L’inculpation et l’incarcération pour soupçons de conspiration contre le régime islamo-conservateur turc de l’ancien numéro un de l’armée suscitait samedi interrogations et inquiétudes dans le pays.Une première dans l’histoire de la Turquie: l’ex-chef d’état-major des armées, le général Ilker Basbug, en poste de 2008 à 2010, a été inculpé vendredi par une juridiction d’exception pour constitution et direction d’une organisation terroriste ainsi que pour tentative de renversement du gouvernement.

Il a immédiatement été transféré à la prison de Silivri, près d’Istanbul, où sont déjà emprisonnés plus de 250 officiers, journalistes, universitaires ainsi que des membres de la pègre, accusés d’avoir conspiré, à partir de 2003, contre le Parti de la justice et du développement (AKP, issu de la mouvance islamiste) qui dirige le pays depuis 10 ans.


M. Basbug

L’Union européenne a vu dans cette inculpation « une opportunité » pour la Turquie de « renforcer la suprématie de l’Etat de droit », selon Peter Stano, le porte-parole du commissaire à l’Elargissement, Stefan Füle.

Mais les Etats-Unis, alliés stratégiques d’Ankara au sein de l’Otan, ont mis un bémol et demandé que le général bénéficie d’une procédure judiciaire « transparente ».

« Nous avons appelé le gouvernement turc à s’assurer que les enquêtes dans ce type d’affaires soient menées de manière transparente et que toutes les personnes accusées puissent jouir de procédures conformes aux normes internationales », a déclaré la porte-parole du département d’Etat, Victoria Nuland.

L’armée perd son influence

En Turquie, l’arrestation d’un général aussi gradé était inimaginable il y a quelques années.

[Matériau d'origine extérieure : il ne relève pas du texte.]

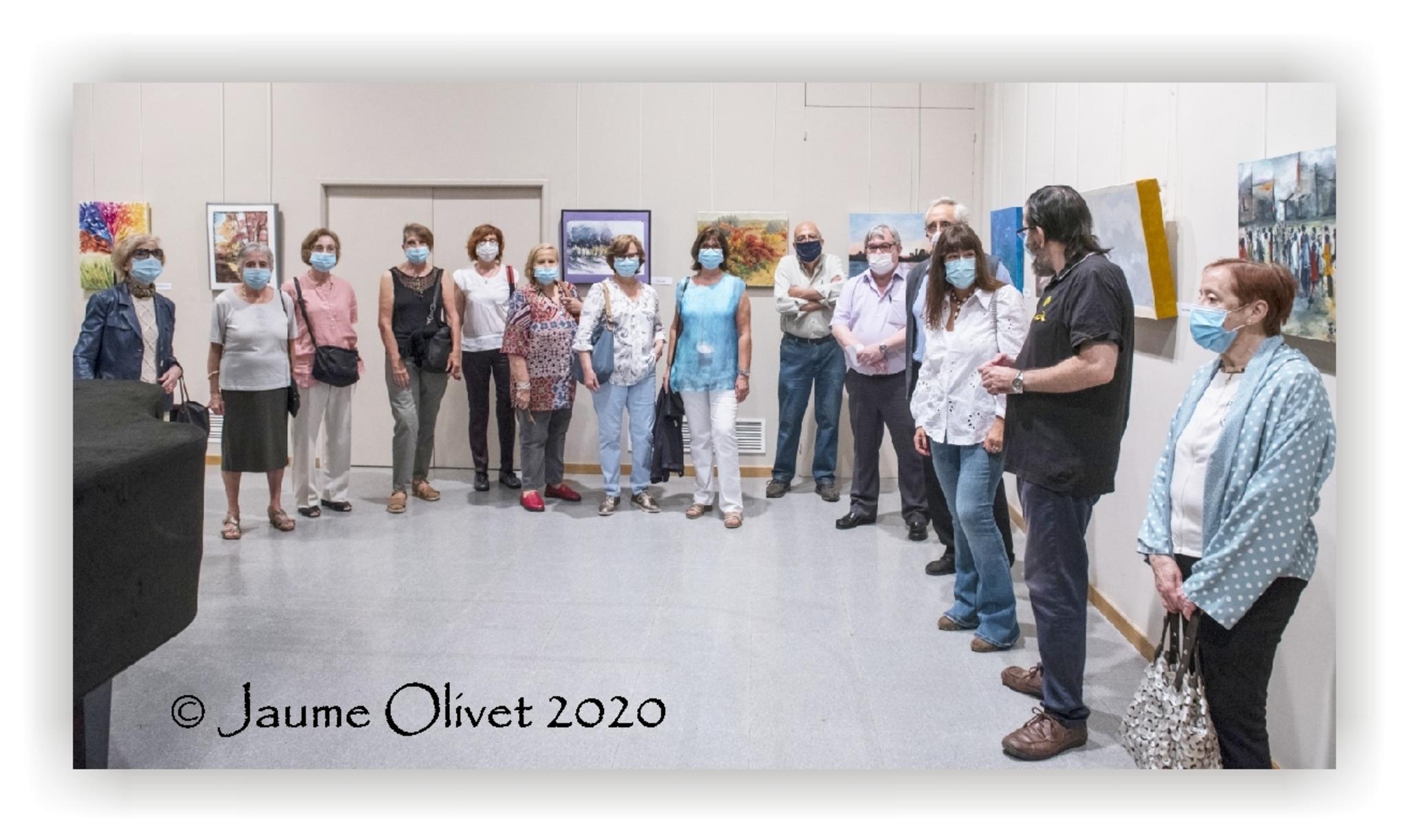 Jaume Olivet 2020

Les généraux longtemps intouchables ont vu leur influence réduite au fur et à mesure qu’Ankara procédait à des réformes pour renforcer le pouvoir civil et prétendre entrer dans l’UE.

L’armée turque, la deuxième de l’Otan en effectifs, a longtemps été perçue comme une garantie pour la Constitution laïque du pays. Elle a mené trois coups d’Etat entre 1960 et 1980 et a fait démissionner un gouvernement en 1997.

Pour les commentateurs, cette mise en détention entérine certes la perte d’influence politique de l’armée. Mais ils dénoncent un acharnement contre les comploteurs présumés et se demandent s’il n’y a pas excès de zèle de l’appareil judiciaire sous l’emprise d’un gouvernement de plus en plus autoritaire.

« Evidemment, s’il y a crime, il y a sanction judiciaire. Mais penser qu’une telle personnalité puisse prendre la fuite et l’envoyer ainsi en prison, c’est bafouer la présomption d’innocence », estime Ruhat Mengi dans le journal Vatan.

Et l’éditorialiste enfonce le clou: pour elle, emprisonner un suspect qui a occupé une fonction publique importante relève d’une interprétation mal intentionnée de la loi, qui ne prévoit une mise en détention que si le suspect risque de s’échapper.

Principes bafoués

Le principe est la liberté, la garde à vue l’exception, dit-elle.

Mais l’exception est devenue la règle, dénoncent les experts.

« Je n’ai aucune sympathie pour ces généraux ni pour M. Basbug mais pourquoi l’envoyer comme cela en prison comme un criminel de droit commun ? », s’interroge Aydin Engin, journaliste et écrivain qui s’est exilé longtemps en Allemagne après le putsch de 1980.

« Ces mises en détention sont tout à fait critiquables et injustifiées, car tout le monde sait que ces suspects ne vont pas s’échapper », estime Sinan Ulgen, du Centre d’études économiques et de politique étrangère.